A 2020 article in FACETS proposes exactly this model:
The paper of the future may be a digital-only document that is not only discussed openly after the peer-review process but also regularly updated with time-stamped versions and complementary research by different authors… Living systematic reviews are another valuable way to keep research up to date in rapidly evolving fields. The papers of the future that take the form of living reviews can help our understanding of a topic keep pace with the research but will also add complexities. (citations removed from passage)
The idea of the living systematic review is being tried out by the Living Journal of Computational Molecular Science, which (among other things) has published a 60-page review of enhanced sampling methods in MD, which will continue being updated as the field evolves.
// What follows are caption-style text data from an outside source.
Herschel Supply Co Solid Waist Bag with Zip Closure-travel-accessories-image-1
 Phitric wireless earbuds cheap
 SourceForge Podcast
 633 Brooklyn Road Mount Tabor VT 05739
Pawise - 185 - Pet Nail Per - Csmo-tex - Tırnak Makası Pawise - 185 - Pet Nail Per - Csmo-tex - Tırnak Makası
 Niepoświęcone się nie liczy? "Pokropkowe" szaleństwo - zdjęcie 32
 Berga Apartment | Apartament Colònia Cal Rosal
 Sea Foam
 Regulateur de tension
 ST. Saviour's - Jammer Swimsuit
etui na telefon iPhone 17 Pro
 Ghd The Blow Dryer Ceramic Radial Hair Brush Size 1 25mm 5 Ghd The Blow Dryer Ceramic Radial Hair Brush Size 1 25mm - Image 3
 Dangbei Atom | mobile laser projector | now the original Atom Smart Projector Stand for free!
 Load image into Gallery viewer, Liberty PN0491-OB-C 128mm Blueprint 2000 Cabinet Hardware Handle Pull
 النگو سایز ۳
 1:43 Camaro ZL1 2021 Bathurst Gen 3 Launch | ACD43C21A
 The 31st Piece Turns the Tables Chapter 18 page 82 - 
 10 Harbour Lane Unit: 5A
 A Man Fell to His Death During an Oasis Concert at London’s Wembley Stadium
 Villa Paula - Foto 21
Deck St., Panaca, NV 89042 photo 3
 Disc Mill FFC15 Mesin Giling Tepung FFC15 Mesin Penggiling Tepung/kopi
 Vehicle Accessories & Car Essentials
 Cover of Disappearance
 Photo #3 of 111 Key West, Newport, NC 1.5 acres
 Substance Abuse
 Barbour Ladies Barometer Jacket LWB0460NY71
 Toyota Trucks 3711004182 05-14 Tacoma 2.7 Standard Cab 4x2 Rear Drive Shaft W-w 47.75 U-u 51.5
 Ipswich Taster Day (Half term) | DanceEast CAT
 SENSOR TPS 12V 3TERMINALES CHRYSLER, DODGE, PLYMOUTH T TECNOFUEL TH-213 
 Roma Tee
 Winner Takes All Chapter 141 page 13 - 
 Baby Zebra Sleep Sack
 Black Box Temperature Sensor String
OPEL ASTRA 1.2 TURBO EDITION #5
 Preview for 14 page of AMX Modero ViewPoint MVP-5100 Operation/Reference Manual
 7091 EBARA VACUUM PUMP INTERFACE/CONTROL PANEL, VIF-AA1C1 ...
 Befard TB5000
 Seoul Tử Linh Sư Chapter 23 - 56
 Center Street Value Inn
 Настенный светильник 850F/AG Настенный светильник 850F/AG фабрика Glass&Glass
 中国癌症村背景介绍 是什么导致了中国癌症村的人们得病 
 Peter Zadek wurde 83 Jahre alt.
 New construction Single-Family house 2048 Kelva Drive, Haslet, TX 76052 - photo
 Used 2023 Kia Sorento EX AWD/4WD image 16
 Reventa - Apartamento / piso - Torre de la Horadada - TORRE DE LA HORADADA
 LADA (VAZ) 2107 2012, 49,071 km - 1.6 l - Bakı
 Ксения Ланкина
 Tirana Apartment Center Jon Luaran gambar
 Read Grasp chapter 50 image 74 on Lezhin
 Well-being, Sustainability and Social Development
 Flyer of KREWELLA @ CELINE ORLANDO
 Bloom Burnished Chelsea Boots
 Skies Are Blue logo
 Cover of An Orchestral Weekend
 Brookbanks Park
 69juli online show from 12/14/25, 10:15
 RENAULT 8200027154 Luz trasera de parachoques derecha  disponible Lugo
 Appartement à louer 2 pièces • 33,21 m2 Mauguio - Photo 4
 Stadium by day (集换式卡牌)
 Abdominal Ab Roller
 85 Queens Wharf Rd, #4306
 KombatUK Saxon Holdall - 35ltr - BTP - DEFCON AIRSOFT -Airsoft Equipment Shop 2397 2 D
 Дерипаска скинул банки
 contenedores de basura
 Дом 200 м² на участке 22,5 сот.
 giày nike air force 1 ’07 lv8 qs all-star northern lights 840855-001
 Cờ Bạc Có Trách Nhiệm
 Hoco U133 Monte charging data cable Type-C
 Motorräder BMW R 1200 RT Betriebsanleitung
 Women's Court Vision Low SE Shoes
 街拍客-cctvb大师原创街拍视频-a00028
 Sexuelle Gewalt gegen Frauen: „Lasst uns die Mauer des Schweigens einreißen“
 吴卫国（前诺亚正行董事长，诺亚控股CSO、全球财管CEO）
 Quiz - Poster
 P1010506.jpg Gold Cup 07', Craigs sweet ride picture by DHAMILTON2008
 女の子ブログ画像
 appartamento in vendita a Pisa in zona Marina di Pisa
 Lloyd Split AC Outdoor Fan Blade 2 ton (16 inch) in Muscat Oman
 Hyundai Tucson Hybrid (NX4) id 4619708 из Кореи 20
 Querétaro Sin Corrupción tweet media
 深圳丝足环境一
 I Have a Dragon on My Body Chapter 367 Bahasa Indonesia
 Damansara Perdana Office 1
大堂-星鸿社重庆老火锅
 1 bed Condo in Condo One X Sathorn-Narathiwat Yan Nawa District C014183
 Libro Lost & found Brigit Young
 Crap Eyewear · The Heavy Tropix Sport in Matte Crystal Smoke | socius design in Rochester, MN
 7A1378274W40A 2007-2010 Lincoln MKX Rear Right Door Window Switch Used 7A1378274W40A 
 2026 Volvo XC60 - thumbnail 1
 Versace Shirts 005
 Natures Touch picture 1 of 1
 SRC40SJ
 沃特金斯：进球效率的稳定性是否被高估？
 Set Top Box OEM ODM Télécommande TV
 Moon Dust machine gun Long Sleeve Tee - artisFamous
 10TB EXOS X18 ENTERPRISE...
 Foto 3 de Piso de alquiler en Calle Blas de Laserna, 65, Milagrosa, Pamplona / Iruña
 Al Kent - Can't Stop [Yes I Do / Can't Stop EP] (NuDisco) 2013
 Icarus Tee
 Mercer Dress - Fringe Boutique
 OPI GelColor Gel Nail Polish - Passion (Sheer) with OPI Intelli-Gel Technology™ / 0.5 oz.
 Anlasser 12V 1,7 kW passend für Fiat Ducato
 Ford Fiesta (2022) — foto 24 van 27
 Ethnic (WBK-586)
These ideas are cool, but I wonder what would happen if more research became “living.” Disputes and acrimony are part of the collective process of scientific truth-seeking. What will happen if bitter rivals start working on the same “living” publications—who will adjudicate their disputes?
Wikipedia manages to solve this problem through a plethora of editors, who can even lock down particularly controversial pages, and perhaps editors of living journals will assume analogous roles. But the ability of our collective scientific intelligence to simultaneously believe contradictory ideas seems like a virtue, not a vice, and I worry that living journals will squash this.
An even thornier question is who adjudicates questions of impact. The enhanced sampling review linked above has over 400 references, making it a formidable tome for a non-expert like myself. There’s a lot of merit in a non-comprehensive and opinionated introduction to the field, which takes some subjective editorial liberties, but it’s not clear to me how that would work in a collaborative living journal. What’s to stop me from linking to my own papers everywhere?
(I’m sure that there are clever organizational and administrative solutions to these problems; I just don’t know what they are.)
If “objective impact” is so hard to determine fairly, why not just accept that we’re basically just subjectively scoring publications based on how much we like them, and abandon the pretense of objectivity? One can imagine the rise of a new kind of figure: the editor with authorial license, who has a specific vision for what they think science should look like and publishes work in keeping with that vision. The role is as much aesthetic as it is analytic.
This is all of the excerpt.